Password Managers Explained

By Thomas & Øyvind · Published June 1, 2026

If you do only one thing to improve your security this year, make it a password manager. It is the rare tool that is both more secure and more convenient than what most people do now — reusing a handful of passwords across dozens of accounts, which means one breach anywhere can cascade everywhere. A password manager fixes the root problem rather than patching symptoms.

The concept is simple: the manager generates a unique, strong password for every account and stores them encrypted behind one strong master password (and ideally a second factor). You only ever remember the master password; the manager fills the rest. Options worth comparing include NordPass and the privacy-focused Proton Pass, both of which use modern encryption and work across devices and browsers.

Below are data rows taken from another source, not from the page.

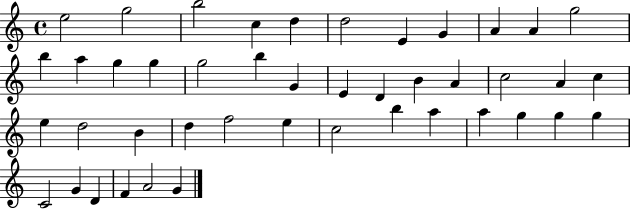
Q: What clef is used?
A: treble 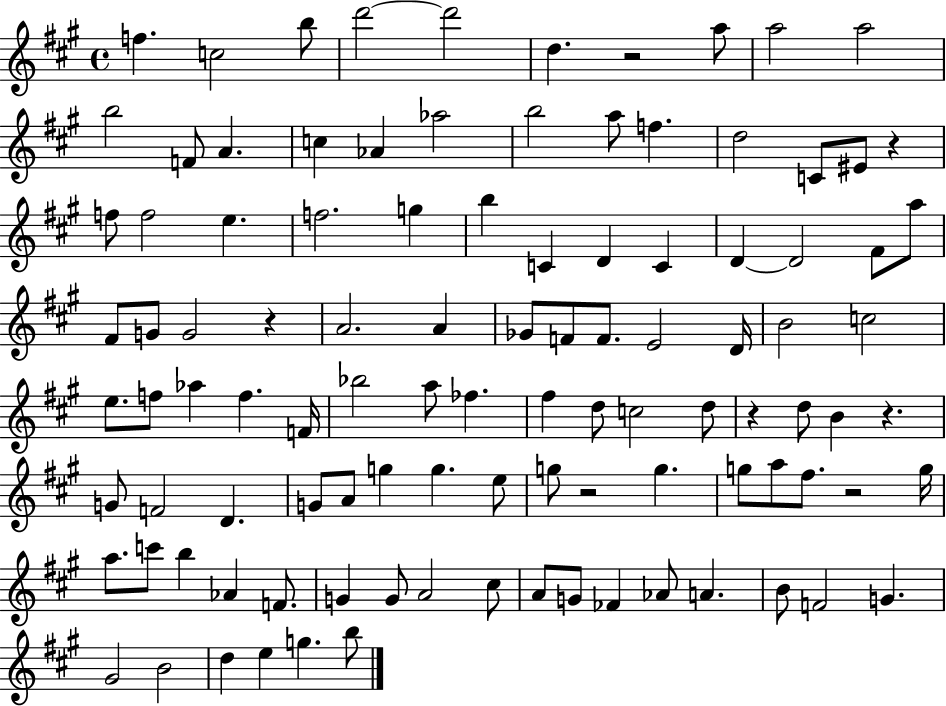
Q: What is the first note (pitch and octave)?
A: F5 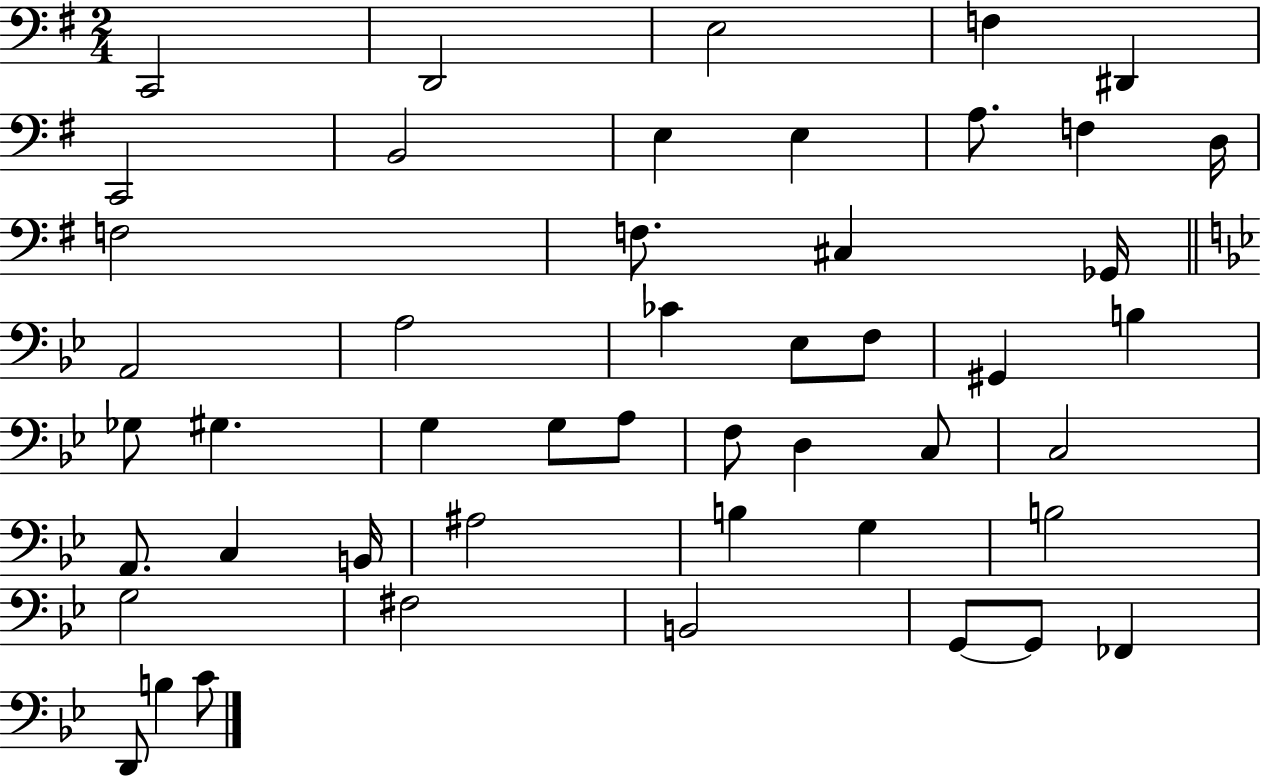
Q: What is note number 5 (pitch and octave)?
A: D#2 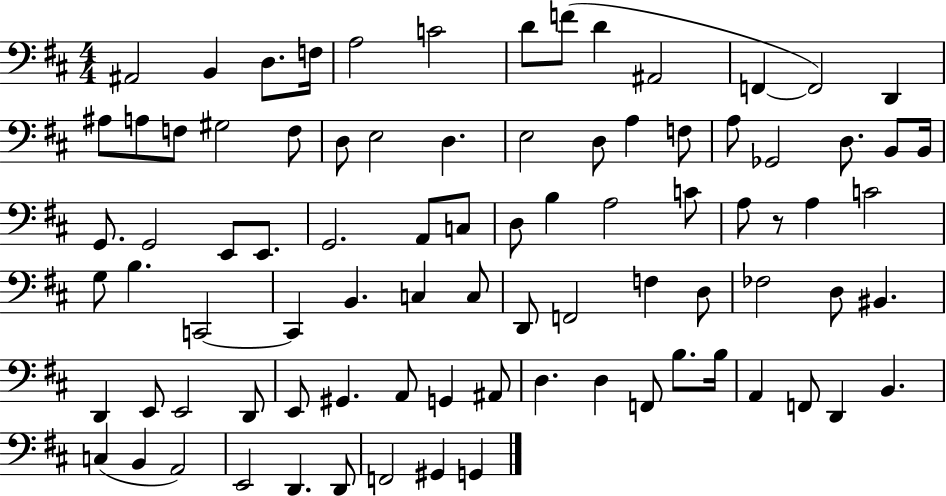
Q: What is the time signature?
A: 4/4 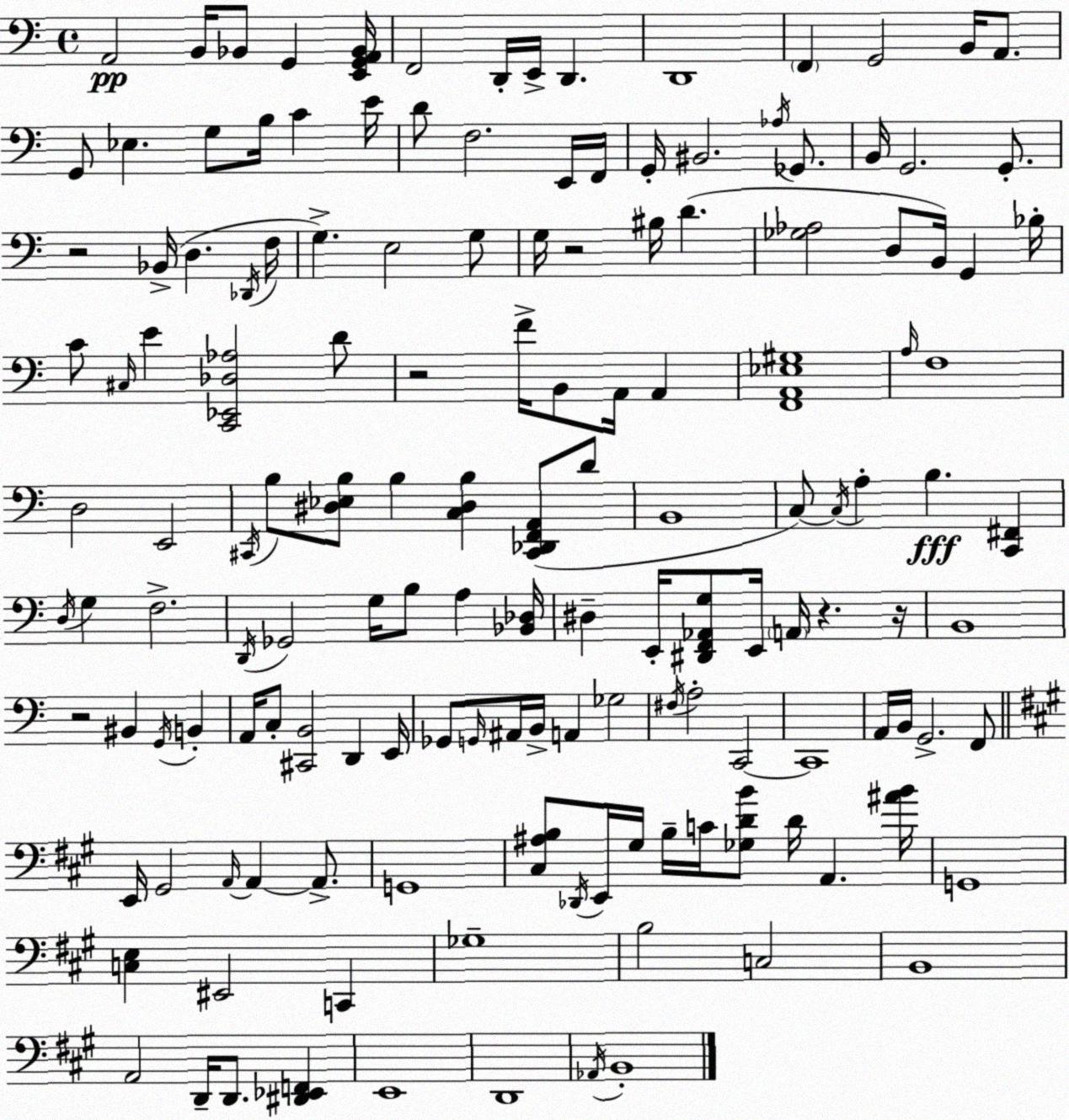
X:1
T:Untitled
M:4/4
L:1/4
K:C
A,,2 B,,/4 _B,,/2 G,, [E,,G,,A,,_B,,]/4 F,,2 D,,/4 E,,/4 D,, D,,4 F,, G,,2 B,,/4 A,,/2 G,,/2 _E, G,/2 B,/4 C E/4 D/2 F,2 E,,/4 F,,/4 G,,/4 ^B,,2 _A,/4 _G,,/2 B,,/4 G,,2 G,,/2 z2 _B,,/4 D, _D,,/4 F,/4 G, E,2 G,/2 G,/4 z2 ^B,/4 D [_G,_A,]2 D,/2 B,,/4 G,, _B,/4 C/2 ^C,/4 E [C,,_E,,_D,_A,]2 D/2 z2 F/4 B,,/2 A,,/4 A,, [F,,A,,_E,^G,]4 A,/4 F,4 D,2 E,,2 ^C,,/4 B,/2 [^D,_E,B,]/2 B, [C,^D,B,] [^C,,_D,,F,,A,,]/2 D/2 B,,4 C,/2 C,/4 A, B, [C,,^F,,] D,/4 G, F,2 D,,/4 _G,,2 G,/4 B,/2 A, [_B,,_D,]/4 ^D, E,,/4 [^D,,F,,_A,,G,]/2 E,,/4 A,,/4 z z/4 B,,4 z2 ^B,, G,,/4 B,, A,,/4 C,/2 [^C,,B,,]2 D,, E,,/4 _G,,/2 G,,/4 ^A,,/4 B,,/4 A,, _G,2 ^F,/4 A,2 C,,2 C,,4 A,,/4 B,,/4 G,,2 F,,/2 E,,/4 ^G,,2 A,,/4 A,, A,,/2 G,,4 [^C,^A,B,]/2 _D,,/4 E,,/4 ^G,/4 B,/4 C/4 [_G,DB]/2 D/4 A,, [^AB]/4 G,,4 [C,E,] ^E,,2 C,, _G,4 B,2 C,2 B,,4 A,,2 D,,/4 D,,/2 [^D,,_E,,F,,] E,,4 D,,4 _A,,/4 B,,4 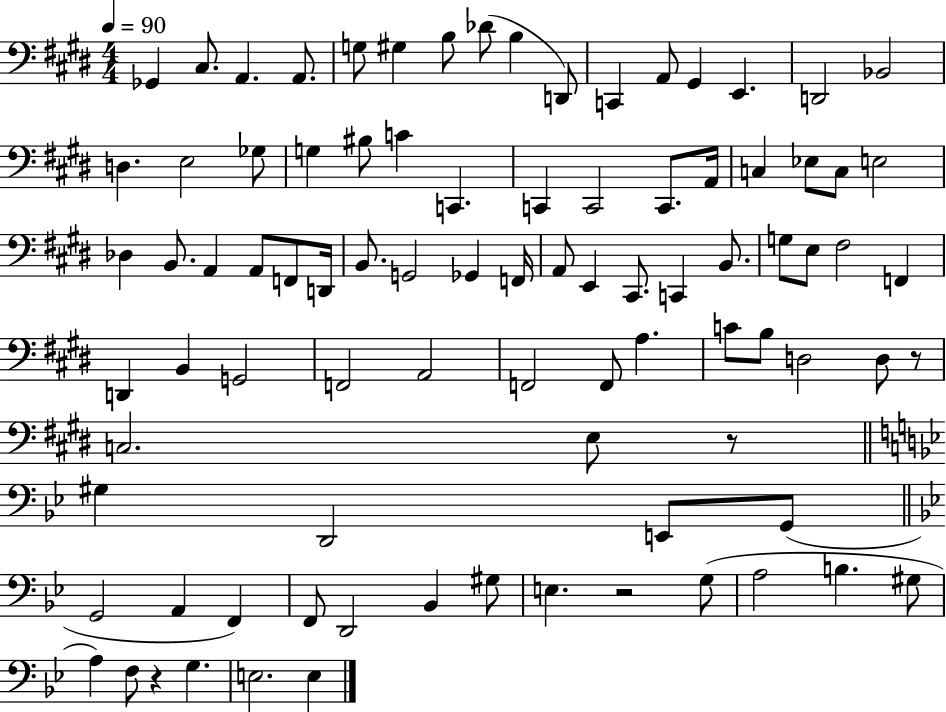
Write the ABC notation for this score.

X:1
T:Untitled
M:4/4
L:1/4
K:E
_G,, ^C,/2 A,, A,,/2 G,/2 ^G, B,/2 _D/2 B, D,,/2 C,, A,,/2 ^G,, E,, D,,2 _B,,2 D, E,2 _G,/2 G, ^B,/2 C C,, C,, C,,2 C,,/2 A,,/4 C, _E,/2 C,/2 E,2 _D, B,,/2 A,, A,,/2 F,,/2 D,,/4 B,,/2 G,,2 _G,, F,,/4 A,,/2 E,, ^C,,/2 C,, B,,/2 G,/2 E,/2 ^F,2 F,, D,, B,, G,,2 F,,2 A,,2 F,,2 F,,/2 A, C/2 B,/2 D,2 D,/2 z/2 C,2 E,/2 z/2 ^G, D,,2 E,,/2 G,,/2 G,,2 A,, F,, F,,/2 D,,2 _B,, ^G,/2 E, z2 G,/2 A,2 B, ^G,/2 A, F,/2 z G, E,2 E, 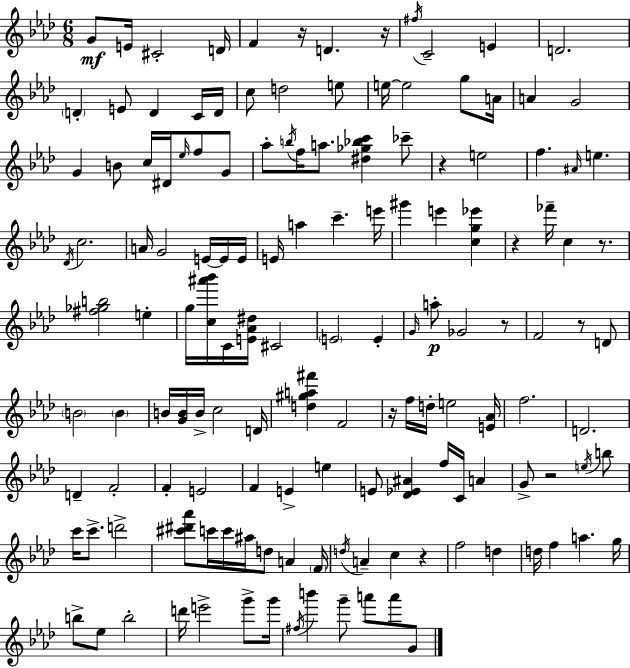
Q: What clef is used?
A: treble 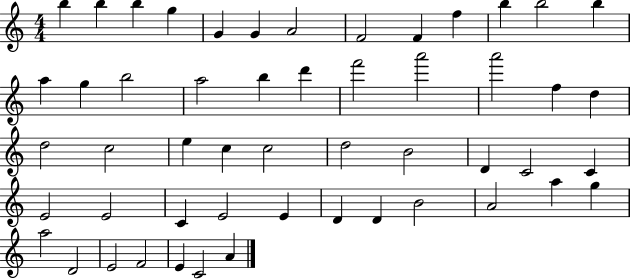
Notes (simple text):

B5/q B5/q B5/q G5/q G4/q G4/q A4/h F4/h F4/q F5/q B5/q B5/h B5/q A5/q G5/q B5/h A5/h B5/q D6/q F6/h A6/h A6/h F5/q D5/q D5/h C5/h E5/q C5/q C5/h D5/h B4/h D4/q C4/h C4/q E4/h E4/h C4/q E4/h E4/q D4/q D4/q B4/h A4/h A5/q G5/q A5/h D4/h E4/h F4/h E4/q C4/h A4/q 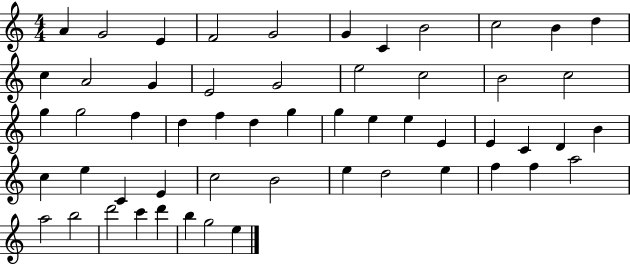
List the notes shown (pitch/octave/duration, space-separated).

A4/q G4/h E4/q F4/h G4/h G4/q C4/q B4/h C5/h B4/q D5/q C5/q A4/h G4/q E4/h G4/h E5/h C5/h B4/h C5/h G5/q G5/h F5/q D5/q F5/q D5/q G5/q G5/q E5/q E5/q E4/q E4/q C4/q D4/q B4/q C5/q E5/q C4/q E4/q C5/h B4/h E5/q D5/h E5/q F5/q F5/q A5/h A5/h B5/h D6/h C6/q D6/q B5/q G5/h E5/q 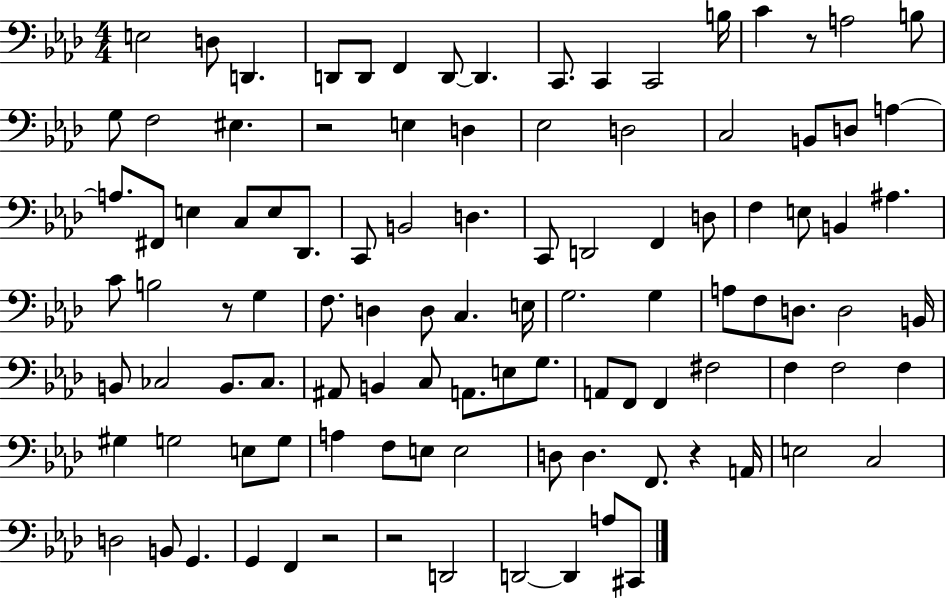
{
  \clef bass
  \numericTimeSignature
  \time 4/4
  \key aes \major
  e2 d8 d,4. | d,8 d,8 f,4 d,8~~ d,4. | c,8. c,4 c,2 b16 | c'4 r8 a2 b8 | \break g8 f2 eis4. | r2 e4 d4 | ees2 d2 | c2 b,8 d8 a4~~ | \break a8. fis,8 e4 c8 e8 des,8. | c,8 b,2 d4. | c,8 d,2 f,4 d8 | f4 e8 b,4 ais4. | \break c'8 b2 r8 g4 | f8. d4 d8 c4. e16 | g2. g4 | a8 f8 d8. d2 b,16 | \break b,8 ces2 b,8. ces8. | ais,8 b,4 c8 a,8. e8 g8. | a,8 f,8 f,4 fis2 | f4 f2 f4 | \break gis4 g2 e8 g8 | a4 f8 e8 e2 | d8 d4. f,8. r4 a,16 | e2 c2 | \break d2 b,8 g,4. | g,4 f,4 r2 | r2 d,2 | d,2~~ d,4 a8 cis,8 | \break \bar "|."
} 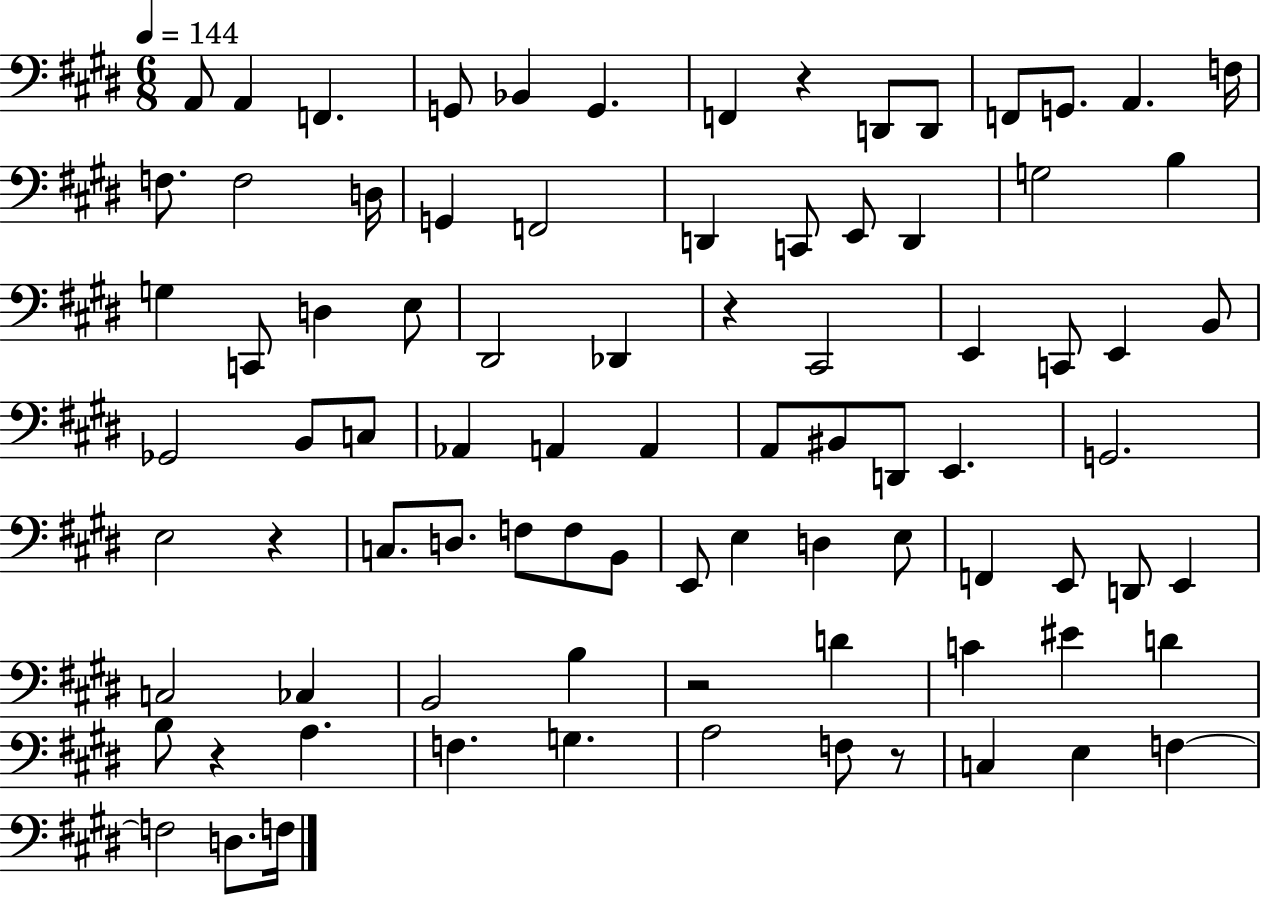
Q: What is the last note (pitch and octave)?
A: F3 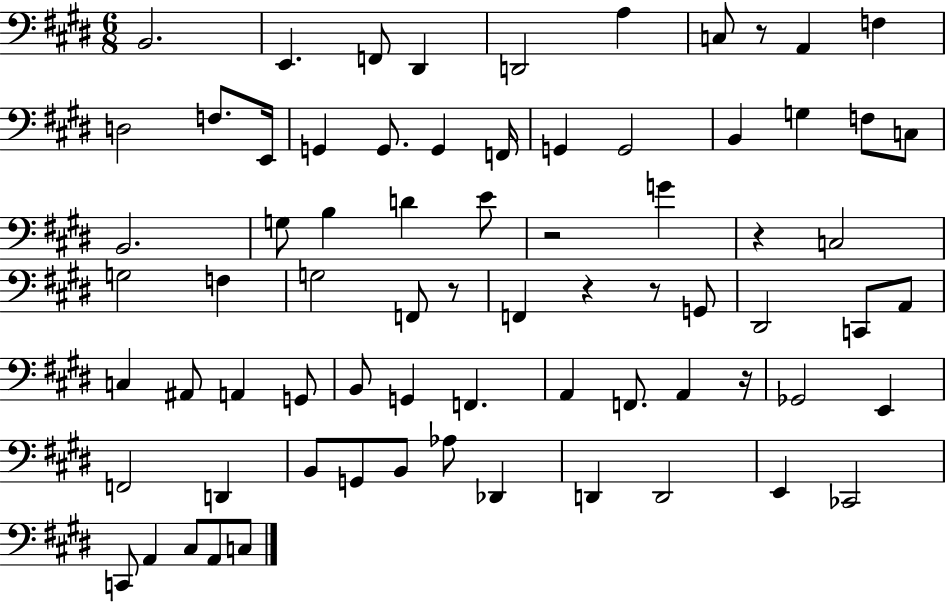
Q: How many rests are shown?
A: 7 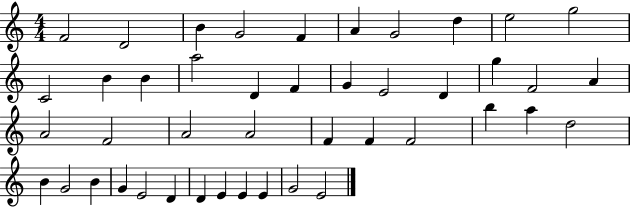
F4/h D4/h B4/q G4/h F4/q A4/q G4/h D5/q E5/h G5/h C4/h B4/q B4/q A5/h D4/q F4/q G4/q E4/h D4/q G5/q F4/h A4/q A4/h F4/h A4/h A4/h F4/q F4/q F4/h B5/q A5/q D5/h B4/q G4/h B4/q G4/q E4/h D4/q D4/q E4/q E4/q E4/q G4/h E4/h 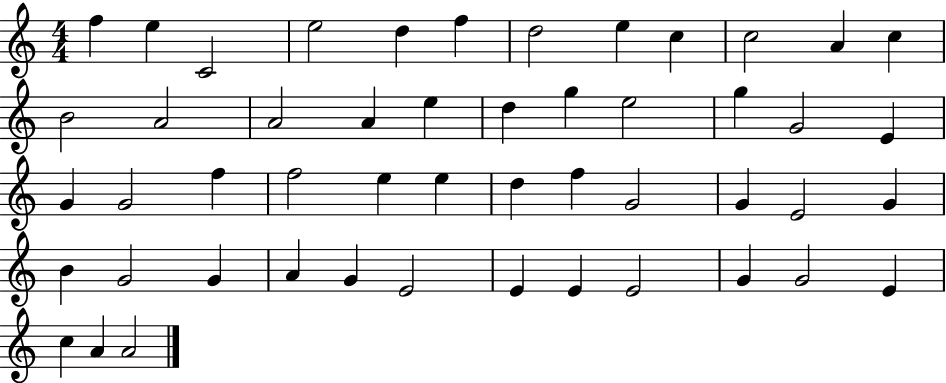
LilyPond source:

{
  \clef treble
  \numericTimeSignature
  \time 4/4
  \key c \major
  f''4 e''4 c'2 | e''2 d''4 f''4 | d''2 e''4 c''4 | c''2 a'4 c''4 | \break b'2 a'2 | a'2 a'4 e''4 | d''4 g''4 e''2 | g''4 g'2 e'4 | \break g'4 g'2 f''4 | f''2 e''4 e''4 | d''4 f''4 g'2 | g'4 e'2 g'4 | \break b'4 g'2 g'4 | a'4 g'4 e'2 | e'4 e'4 e'2 | g'4 g'2 e'4 | \break c''4 a'4 a'2 | \bar "|."
}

The questions that should decide your choice: is the vault end-to-end encrypted so even the provider cannot read it, does it work on all your devices and browsers, and does it support strong second factors? Avoid storing passwords in plain documents or letting browsers save them without a master password — those are convenience without the security.

A password manager is the foundation that makes everything else work. It pairs directly with two-factor authentication, supports the privacy goals in protecting your privacy online, and complements a VPN and antivirus.

Adopt a manager with end-to-end encryption and a strong master password — it is the single highest-value habit in personal security. General guidance.